_Exercise aim_: Your reply should reproduce each entry exactly and contain no pictures.
+++ Provided material +++
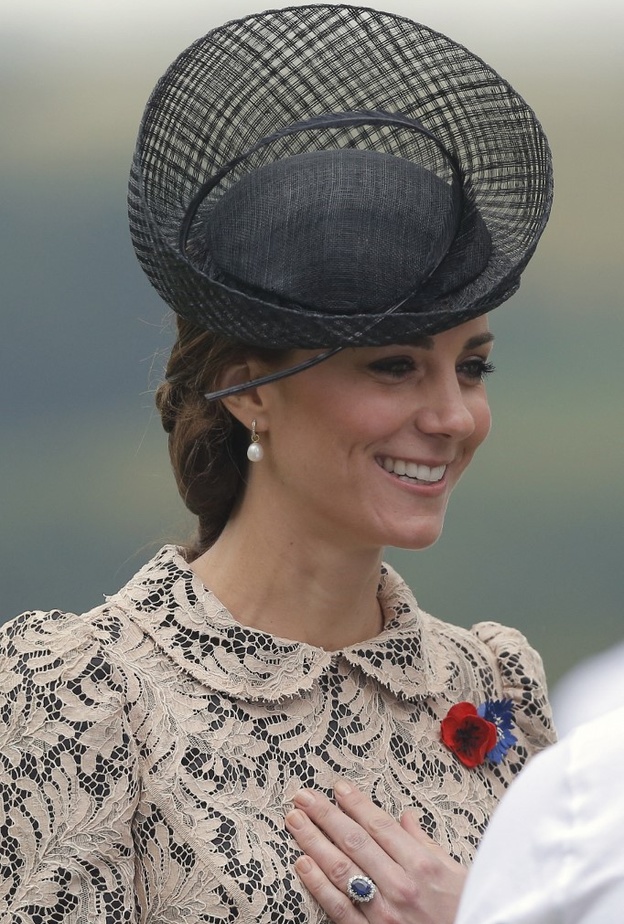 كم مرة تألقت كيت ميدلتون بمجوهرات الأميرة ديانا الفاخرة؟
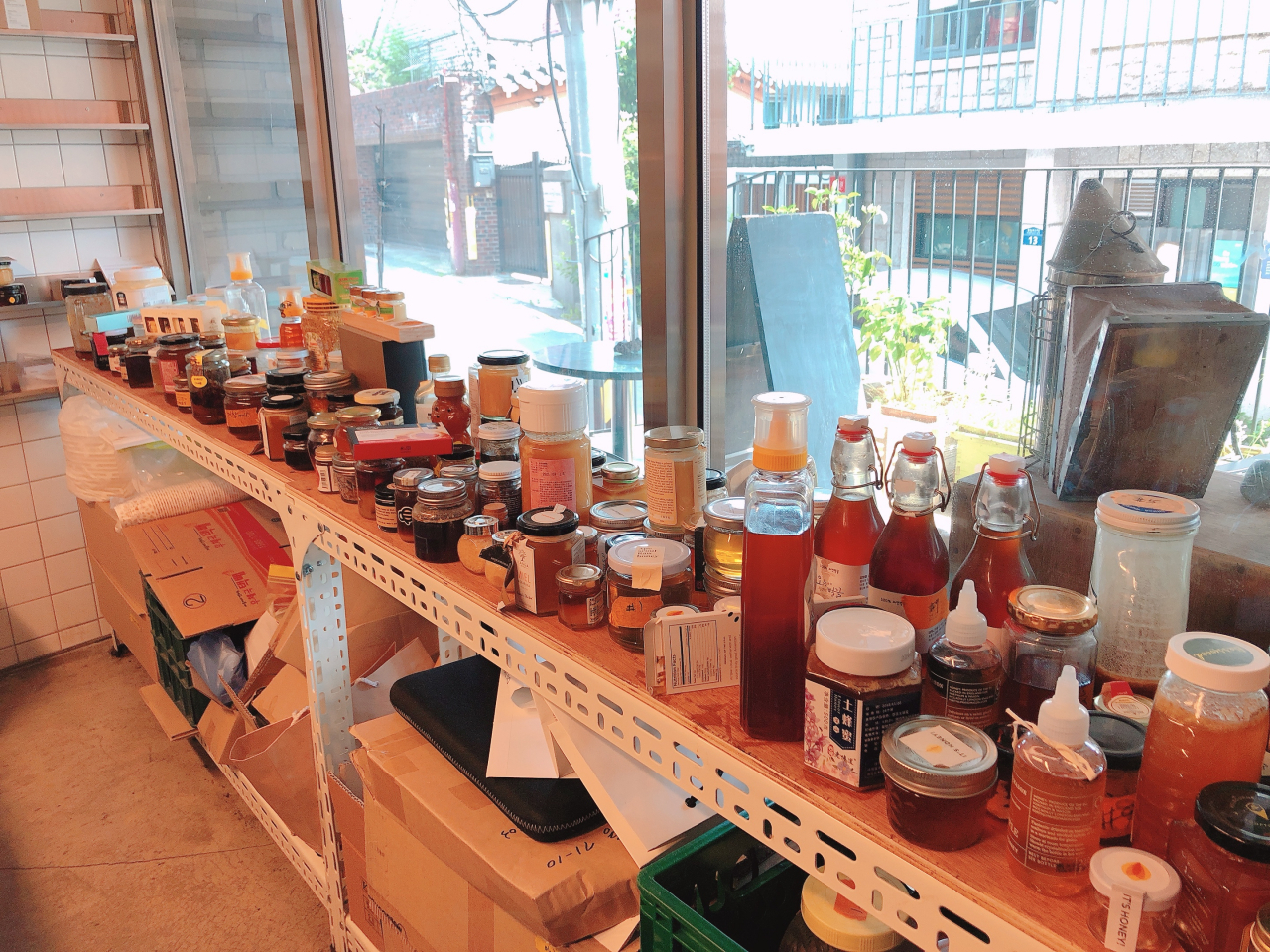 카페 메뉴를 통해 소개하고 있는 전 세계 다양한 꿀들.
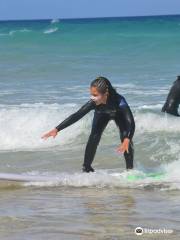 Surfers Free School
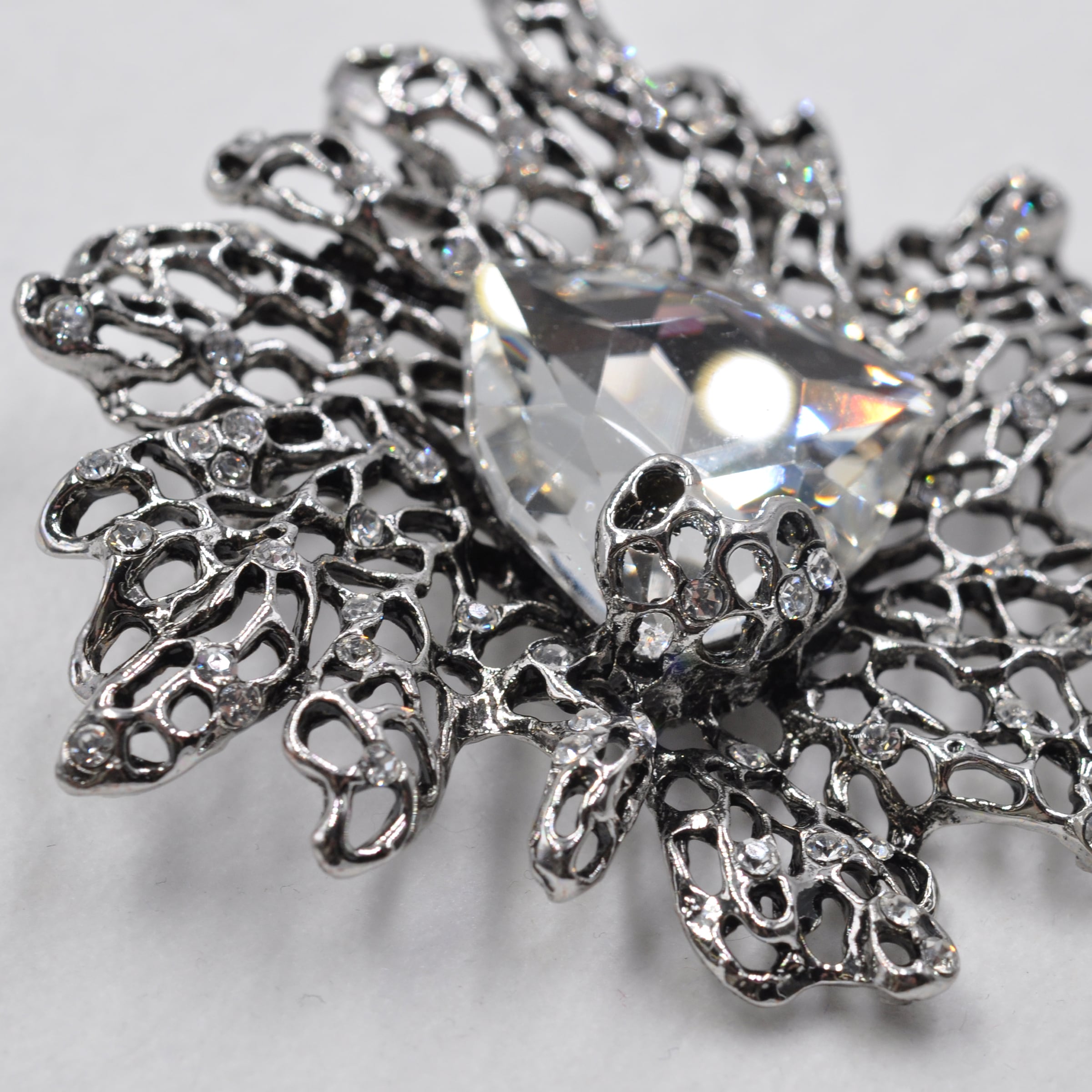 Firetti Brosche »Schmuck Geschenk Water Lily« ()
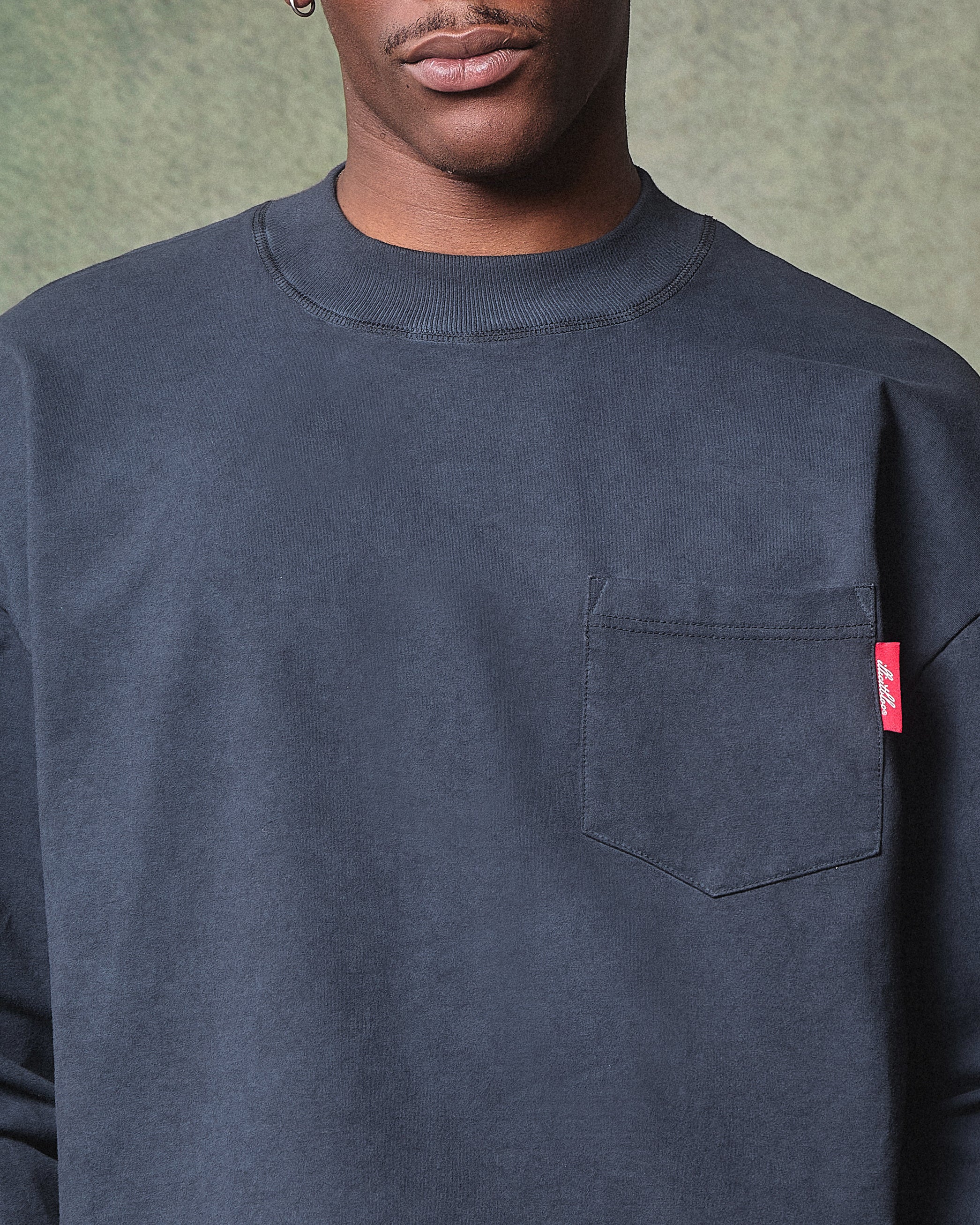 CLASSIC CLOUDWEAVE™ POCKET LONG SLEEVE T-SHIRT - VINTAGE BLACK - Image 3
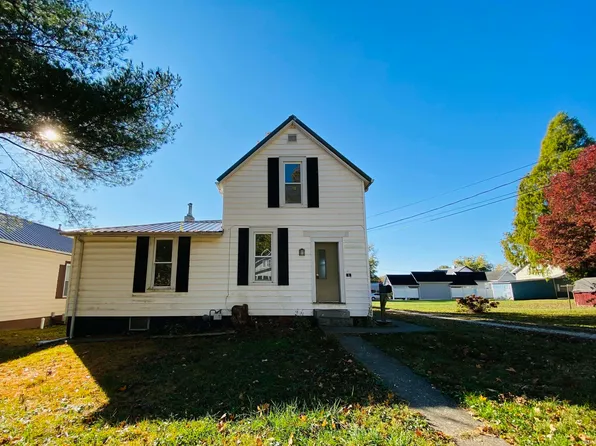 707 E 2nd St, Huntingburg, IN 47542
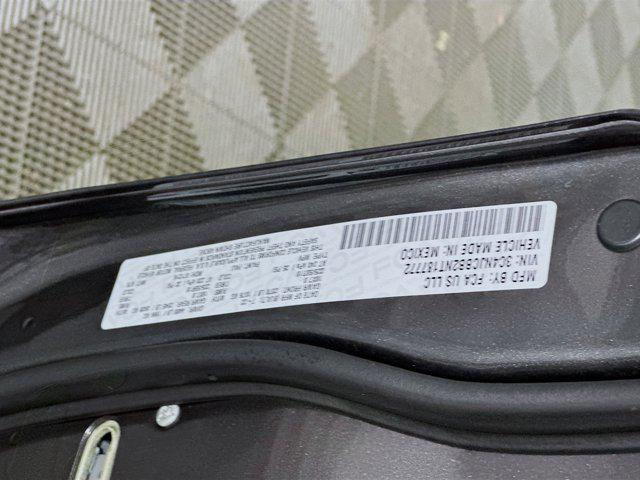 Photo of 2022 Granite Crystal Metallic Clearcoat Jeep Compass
+++
_Result of the exercise_:
 كم مرة تألقت كيت ميدلتون بمجوهرات الأميرة ديانا الفاخرة؟
 카페 메뉴를 통해 소개하고 있는 전 세계 다양한 꿀들.
 Surfers Free School
 Firetti Brosche »Schmuck Geschenk Water Lily« ()
 CLASSIC CLOUDWEAVE™ POCKET LONG SLEEVE T-SHIRT - VINTAGE BLACK - Image 3
 707 E 2nd St, Huntingburg, IN 47542
 Photo of 2022 Granite Crystal Metallic Clearcoat Jeep Compass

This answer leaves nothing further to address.